Required action: Every line from the beginning of the data through the line containing "Macrame keychain |" should be reproduced exactly, and no further lines should be output.

[Records excerpted from a collection]

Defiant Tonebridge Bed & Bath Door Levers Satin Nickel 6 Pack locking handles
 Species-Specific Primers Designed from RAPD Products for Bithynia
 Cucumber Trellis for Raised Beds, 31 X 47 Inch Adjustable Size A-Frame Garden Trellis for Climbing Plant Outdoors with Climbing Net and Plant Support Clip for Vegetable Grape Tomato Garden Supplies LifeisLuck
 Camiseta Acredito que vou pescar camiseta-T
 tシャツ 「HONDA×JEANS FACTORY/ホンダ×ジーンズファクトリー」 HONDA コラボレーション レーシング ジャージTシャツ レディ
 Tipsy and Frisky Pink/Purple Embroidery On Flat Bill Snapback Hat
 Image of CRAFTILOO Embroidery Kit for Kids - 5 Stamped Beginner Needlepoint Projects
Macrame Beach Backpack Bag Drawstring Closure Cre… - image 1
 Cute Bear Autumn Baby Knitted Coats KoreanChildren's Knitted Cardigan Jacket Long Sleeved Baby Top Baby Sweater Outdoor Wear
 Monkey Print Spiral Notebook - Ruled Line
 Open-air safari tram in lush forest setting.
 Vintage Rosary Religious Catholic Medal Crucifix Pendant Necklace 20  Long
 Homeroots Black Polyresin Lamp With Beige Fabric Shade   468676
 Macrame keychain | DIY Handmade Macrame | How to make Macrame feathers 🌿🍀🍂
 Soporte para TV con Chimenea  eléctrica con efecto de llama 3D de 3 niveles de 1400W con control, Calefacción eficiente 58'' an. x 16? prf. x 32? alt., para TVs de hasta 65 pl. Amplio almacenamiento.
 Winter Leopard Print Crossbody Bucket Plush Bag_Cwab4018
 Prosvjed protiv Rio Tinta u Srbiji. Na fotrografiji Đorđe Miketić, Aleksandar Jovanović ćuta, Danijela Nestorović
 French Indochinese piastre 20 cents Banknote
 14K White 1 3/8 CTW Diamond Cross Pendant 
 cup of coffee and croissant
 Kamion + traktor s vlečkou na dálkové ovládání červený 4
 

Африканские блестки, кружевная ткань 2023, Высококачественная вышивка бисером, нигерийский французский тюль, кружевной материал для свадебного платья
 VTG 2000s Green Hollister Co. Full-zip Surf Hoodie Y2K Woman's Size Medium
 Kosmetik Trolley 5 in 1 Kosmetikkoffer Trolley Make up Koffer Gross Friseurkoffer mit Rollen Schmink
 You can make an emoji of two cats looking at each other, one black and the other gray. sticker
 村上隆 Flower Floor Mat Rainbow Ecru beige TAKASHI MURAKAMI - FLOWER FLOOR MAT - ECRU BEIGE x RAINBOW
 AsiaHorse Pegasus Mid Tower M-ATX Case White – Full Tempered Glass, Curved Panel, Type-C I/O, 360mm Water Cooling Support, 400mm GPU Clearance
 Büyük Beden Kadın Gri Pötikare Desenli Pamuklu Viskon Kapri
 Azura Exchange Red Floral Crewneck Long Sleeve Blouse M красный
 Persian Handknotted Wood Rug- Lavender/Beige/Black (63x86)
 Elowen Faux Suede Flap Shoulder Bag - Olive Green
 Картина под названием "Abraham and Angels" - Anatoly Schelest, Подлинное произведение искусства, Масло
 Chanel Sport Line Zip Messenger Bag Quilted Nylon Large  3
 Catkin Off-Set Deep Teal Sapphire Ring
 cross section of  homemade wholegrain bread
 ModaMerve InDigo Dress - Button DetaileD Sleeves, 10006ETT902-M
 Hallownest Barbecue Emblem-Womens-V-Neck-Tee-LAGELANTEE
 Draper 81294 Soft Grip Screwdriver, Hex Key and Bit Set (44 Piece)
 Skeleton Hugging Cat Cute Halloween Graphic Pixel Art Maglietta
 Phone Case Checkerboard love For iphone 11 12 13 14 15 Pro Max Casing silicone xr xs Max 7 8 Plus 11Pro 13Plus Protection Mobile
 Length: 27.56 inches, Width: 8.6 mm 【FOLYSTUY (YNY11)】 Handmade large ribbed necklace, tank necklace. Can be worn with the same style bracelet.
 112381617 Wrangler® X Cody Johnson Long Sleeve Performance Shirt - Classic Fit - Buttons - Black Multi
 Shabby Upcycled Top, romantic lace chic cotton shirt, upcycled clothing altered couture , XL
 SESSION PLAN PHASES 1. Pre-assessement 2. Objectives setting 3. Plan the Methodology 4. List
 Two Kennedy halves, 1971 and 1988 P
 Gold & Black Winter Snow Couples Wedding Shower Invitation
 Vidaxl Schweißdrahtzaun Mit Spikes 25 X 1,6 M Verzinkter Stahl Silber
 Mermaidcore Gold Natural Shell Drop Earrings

Answer to the problem:
Defiant Tonebridge Bed & Bath Door Levers Satin Nickel 6 Pack locking handles
 Species-Specific Primers Designed from RAPD Products for Bithynia
 Cucumber Trellis for Raised Beds, 31 X 47 Inch Adjustable Size A-Frame Garden Trellis for Climbing Plant Outdoors with Climbing Net and Plant Support Clip for Vegetable Grape Tomato Garden Supplies LifeisLuck
 Camiseta Acredito que vou pescar camiseta-T
 tシャツ 「HONDA×JEANS FACTORY/ホンダ×ジーンズファクトリー」 HONDA コラボレーション レーシング ジャージTシャツ レディ
 Tipsy and Frisky Pink/Purple Embroidery On Flat Bill Snapback Hat
 Image of CRAFTILOO Embroidery Kit for Kids - 5 Stamped Beginner Needlepoint Projects
Macrame Beach Backpack Bag Drawstring Closure Cre… - image 1
 Cute Bear Autumn Baby Knitted Coats KoreanChildren's Knitted Cardigan Jacket Long Sleeved Baby Top Baby Sweater Outdoor Wear
 Monkey Print Spiral Notebook - Ruled Line
 Open-air safari tram in lush forest setting.
 Vintage Rosary Religious Catholic Medal Crucifix Pendant Necklace 20  Long
 Homeroots Black Polyresin Lamp With Beige Fabric Shade   468676
 Macrame keychain | DIY Handmade Macrame | How to make Macrame feathers 🌿🍀🍂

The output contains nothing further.